A number of people have asked for a tutorial on the pin hinges I use for my small boxes, let's go one better and show a basic box start to finish. For these I start with a 1x2 1/4 16" long


 
Using a thin kerf blade I rip it in two, this will be the outside of the box, label the faces so when you assemble the grain matches on the corners


 
Now machine a groove for top and bottom panels (on the opposite side of your book match grain) then sand and apply finish of choice


 
Now we cut these bad boys up, I did 4 different size boxes just by changing up the dimensions


 
Now take care to maintain the grain orientation, cut your mitres, precision is key


 
Now to cut the bottoms and prep for assembly


 
I find it easier to finish the panels prior to assembly, the bottom can be done to your preference but do finish it, doesn't matter how nice the unobtanium burl wood on the top is, first thing people do is turn it over and look at the bottom! For these I'm using fancy paper affixed with spray adhesive 


 
Now on the inside surface I first apply a thin foam


 
And then the fabric of choice, fancy and funky or plain. I tried to match the paper on the bottom to the liner

Reactions: Like 2 | Way Cool 1


----------



## Mrfish55 (Nov 5, 2014)

Now glue these suckers up, best part is the inside is finished now


 
And here we have 16 boxes in an afternoon, tomorrow I will show final assembly and the cutting of the lids, then the fitting of those pesky little pin hinges,cheers!

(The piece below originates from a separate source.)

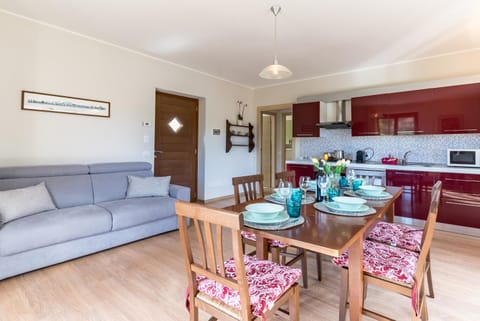 Kitchen or kitchenette, Living room, Dining area, minibar, pet friendly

Reactions: Like 2 | Way Cool 3


----------



## Mrfish55 (Nov 5, 2014)

Ok, now the top. Install finished inside panel and glue on top piece, I'm using up leftovers and off cuts from other projects


 


 


 
Now we give it a couple hours of dry time

Reactions: Like 1 | Way Cool 1


----------



## ironman123 (Nov 5, 2014)

Cool.


----------



## woodtickgreg (Nov 5, 2014)

Subscribed! Fun to watch, I like the paper on the bottom, very cool.


----------



## Mrfish55 (Nov 5, 2014)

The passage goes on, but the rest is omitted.